We can see with this cache structure that main memory reads and writes are cut down dramatically. This results in reduced latency for many reads and writes, which translates to better overall performance.
This is again another change which has lead to far greater flexibility and efficiency by the GF100. When combined with the flexible shared/L1 cache of each SM unit, we see how much closer the GPU guys are coming to traditional CPU workflows and cache usages. It used to be that GPUS were primarily comprised of logic and small amounts of caches, but now GPUs are starting to more closely resemble CPUs with large amounts of cache as compared to logic. CPUs still contain a far larger proportion of cache to logic, but in several generations of graphics cards that are coming, we can expect those ratios to become closer and closer.
The benefits of more cache that is also more flexible in how it works.
Compute and GPGPU
The “all in one” philosophy that seems to surround Fermi was the biggest reason for its delay, but really is one of the most important reasons for its existence. Not only can it render games in industry leading fashion, it is also the most well rounded compute platform that NVIDIA has introduced to date.
Raytracing is an exciting example of what the compute nature of the GF100 is able to do. While previous generations of parts were not flexible enough, nor had the general capabilities that were required for raytracing, the GF100 is able to do a goodly portion of functions to allow certain types of raytracing to be done on the GPU.

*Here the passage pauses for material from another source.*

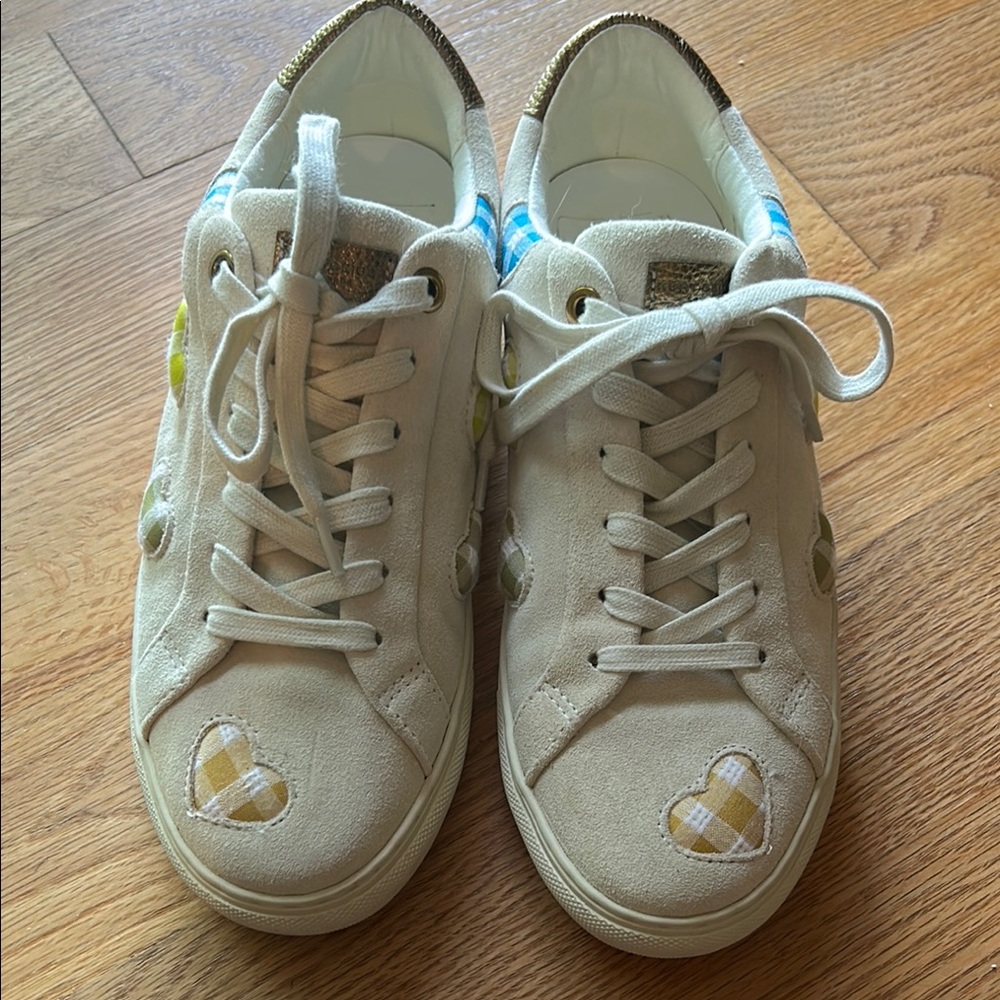 Kurt Geiger size 39 Beige Heart-Patterned Sneakers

Ryan covers the compute portion of the GF100 in his Fermi architecture overview that was introduced to us last August/September. While the theoretical numbers for the GF100 and competing HD 5870 are fairly close, the actual throughput of the GF100 should be significantly higher. AMD, while giving a nod to compute and GPGPU with their latest architecture, have not given it the tools needed to fully leverage the power of their 1600 stream units. This will not be an issue for NVIDIA and the GF100. Just as we saw the GPGPU performance of the GTX 280/285 eclipse that of the competing HD 4870 and 4890 chips, I believe we will see the same type of separation in performance between the GF100 and the Cypress chips from AMD. Each SM in NVIDIA’s GF100 looks far more CPU like than anything we have seen before, and the integer and floating point parallelism in each SM is simply astounding when looking from a traditional CPU standpoint.

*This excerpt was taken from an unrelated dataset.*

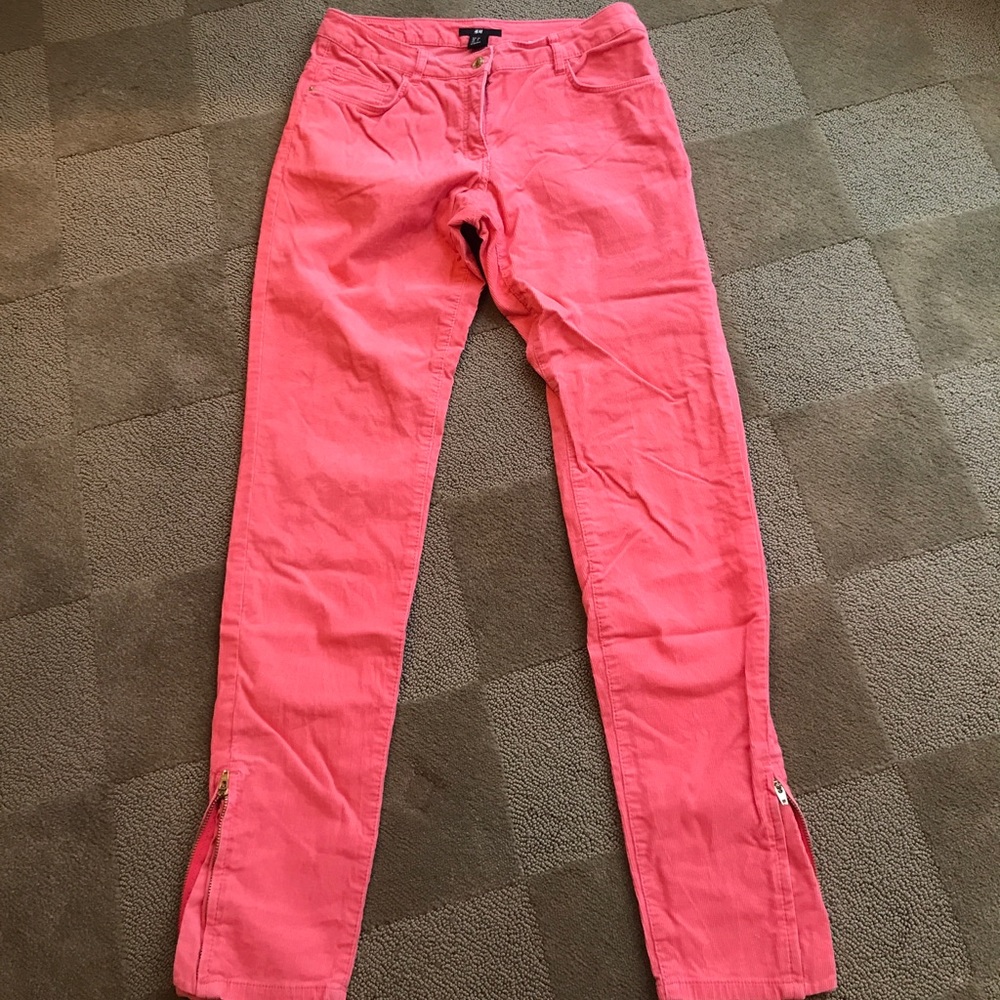 H&M coral corduroys with zippers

AI functionality, such as pathtracing, gets a huge boost from the increased abilities of the CUDA cores as well as the compute performance in general.

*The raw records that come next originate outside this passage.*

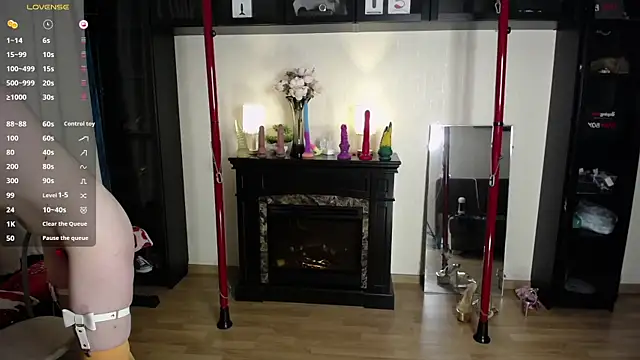 Snapshot of all_shades_dreams chatting on November 30, 2025, 10:47 pm all shades dreams online show from November 30, 2025, 10:47 pm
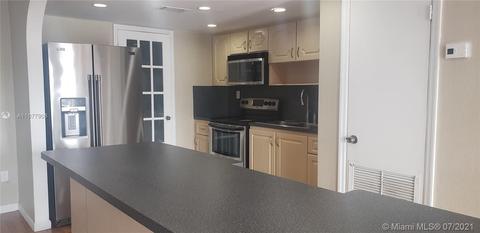 6971 W 17th Ct, Hialeah, FL 33014 photo 4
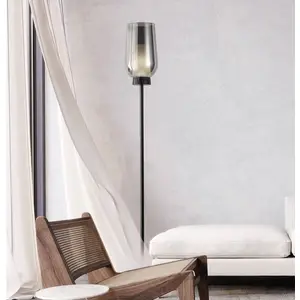 Comparateur de prix : Mantra Iluminación Lampe sur pied Nora, noir-chrome, métal, verre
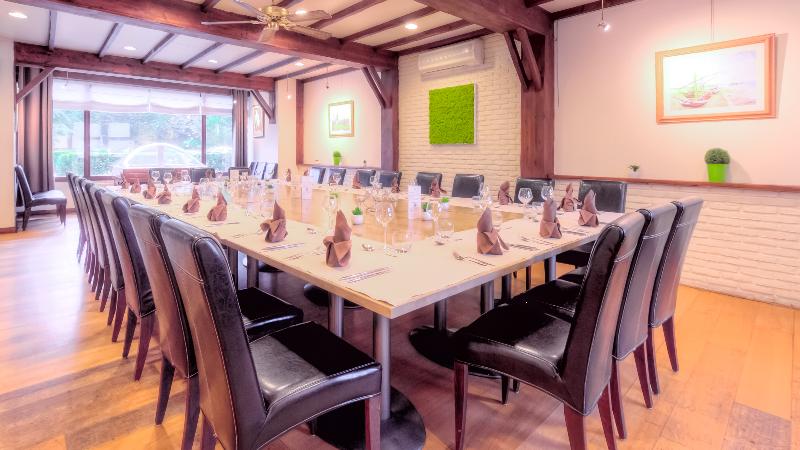 Logis Hotel-Restaurant des Acacias - Toplantı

One last area that has received a lot of attention from NVIDIA is that of context switching. With the CUDA cores doing work on geometry shading, tessellation, pixel shading, compute/gpgpu work, and PhysX, context switching used to involve a lot of overhead and lost cycles. Now context switching can occur once per clock. This has taken the time down to around 20 micro-seconds per context switch. This again should dramatically improve performance in applications which will use DirectCompute and GPU physics inside of a traditional gaming app which requires pixel shading.